George Maguire (born 11 December 1990) is an English actor, known for being one of the three original cast members who carried the title role in Billy Elliot the Musical, which earned the Laurence Olivier Award for Best Actor in a Leading Role in a Musical, becoming one of the youngest winners of the award.

==Acting career==
Maguire performed the role of "Billy" for the opening night performance 12 May 2005, and continued performing until 17 December 2005, when he left the cast. He was replaced by Travis Yates. Together with his two original cast mates James Lomas and Liam Mower, he alternated in the role of Billy, and after leaving, performed again in a first anniversary Gala show of Billy Elliot the Musical on 12 May 2006.

He won, jointly with Lomas and Mower, the Theatre Goers' Choice Award 2006 for The Most Promising Newcomer, as well as - unique in British theatre history - again jointly with his two castmates, the Laurence Olivier Award for Best Actor in a Leading Role in a Musical in 2006. It is partly due to their outstanding performances, that Billy Elliot the Musical has won several awards: The Evening Standard Award 2005, the Critics' Circle Theatre Award 2005, the WhatsOnStage Theatre Goers' Choice Award 2006, and the Laurence Olivier Award 2006, all for best British Musical.
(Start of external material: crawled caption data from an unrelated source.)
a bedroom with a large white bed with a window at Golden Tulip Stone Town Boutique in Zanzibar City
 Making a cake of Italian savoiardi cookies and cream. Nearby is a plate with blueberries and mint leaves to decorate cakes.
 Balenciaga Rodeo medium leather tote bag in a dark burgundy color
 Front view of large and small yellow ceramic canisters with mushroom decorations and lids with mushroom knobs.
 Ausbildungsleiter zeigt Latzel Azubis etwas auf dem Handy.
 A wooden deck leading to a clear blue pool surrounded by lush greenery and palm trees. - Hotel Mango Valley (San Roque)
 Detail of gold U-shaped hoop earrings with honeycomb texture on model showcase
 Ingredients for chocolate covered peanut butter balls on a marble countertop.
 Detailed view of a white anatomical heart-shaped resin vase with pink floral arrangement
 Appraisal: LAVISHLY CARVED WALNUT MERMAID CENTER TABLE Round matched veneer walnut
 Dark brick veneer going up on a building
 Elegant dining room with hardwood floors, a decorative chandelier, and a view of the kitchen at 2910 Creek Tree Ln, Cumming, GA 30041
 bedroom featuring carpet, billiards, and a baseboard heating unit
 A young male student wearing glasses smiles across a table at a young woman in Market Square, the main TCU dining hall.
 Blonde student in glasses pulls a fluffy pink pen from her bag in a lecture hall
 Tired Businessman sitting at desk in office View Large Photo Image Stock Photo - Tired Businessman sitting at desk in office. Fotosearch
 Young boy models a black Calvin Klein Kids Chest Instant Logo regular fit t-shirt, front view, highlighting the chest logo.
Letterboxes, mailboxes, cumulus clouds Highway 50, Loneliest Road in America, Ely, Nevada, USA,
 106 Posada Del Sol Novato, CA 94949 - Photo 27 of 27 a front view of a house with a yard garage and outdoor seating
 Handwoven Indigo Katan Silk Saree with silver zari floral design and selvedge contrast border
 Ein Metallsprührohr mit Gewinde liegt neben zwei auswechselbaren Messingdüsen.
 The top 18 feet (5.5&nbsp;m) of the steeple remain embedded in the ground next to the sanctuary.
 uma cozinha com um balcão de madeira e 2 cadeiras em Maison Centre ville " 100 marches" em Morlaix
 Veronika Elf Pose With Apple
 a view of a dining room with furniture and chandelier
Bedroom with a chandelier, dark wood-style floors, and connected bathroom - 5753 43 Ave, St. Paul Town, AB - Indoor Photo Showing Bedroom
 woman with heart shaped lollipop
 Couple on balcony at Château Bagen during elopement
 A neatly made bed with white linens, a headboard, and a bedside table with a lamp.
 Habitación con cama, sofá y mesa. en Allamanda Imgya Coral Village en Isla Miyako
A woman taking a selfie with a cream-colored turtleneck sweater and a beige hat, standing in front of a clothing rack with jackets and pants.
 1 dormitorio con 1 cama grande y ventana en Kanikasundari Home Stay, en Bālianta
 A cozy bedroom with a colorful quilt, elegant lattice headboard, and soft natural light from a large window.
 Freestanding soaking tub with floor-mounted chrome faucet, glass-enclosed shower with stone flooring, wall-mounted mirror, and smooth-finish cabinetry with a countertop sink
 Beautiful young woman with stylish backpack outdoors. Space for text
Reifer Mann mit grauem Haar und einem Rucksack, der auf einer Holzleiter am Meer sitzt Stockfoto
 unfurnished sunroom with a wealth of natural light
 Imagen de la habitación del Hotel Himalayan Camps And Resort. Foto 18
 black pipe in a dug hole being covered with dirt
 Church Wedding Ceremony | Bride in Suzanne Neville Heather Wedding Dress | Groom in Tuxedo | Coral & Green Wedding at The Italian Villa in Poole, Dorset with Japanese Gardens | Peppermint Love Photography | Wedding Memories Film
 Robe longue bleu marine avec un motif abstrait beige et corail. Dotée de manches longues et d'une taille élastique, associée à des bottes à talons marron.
Maguire was featured as a guest on Ready, Steady, Cook (he won the episode against his close friend Leon Cooke who also played Billy Elliot) and in several morning TV shows, TV interviews, and short clips related to the musical. From 2005 to 2008 he worked as a moderator, moderating and supporting several Mardi Gras dance shows of British dance schools - The Stars in the Round at the Royal Albert Hall and The Stars in Your Eyes at Sadler's Wells Theatre, London.

In April 2009 he appeared in the ITV zombie comedy Renaissance (starring Kelly Brook and Alan Dale) - playing Tim, the son of Dale's character. The story told of the making of Renaissance and was part of the ITV drama Moving Wallpaper.

In 2014 he made a cameo appearance in the finale of Billy Elliot the Musical Live.

He became a member of the actors' union Equity as George Maguire, however, another actor of the same name has been working in the West End since 1995, which has led to some confusion on the internet.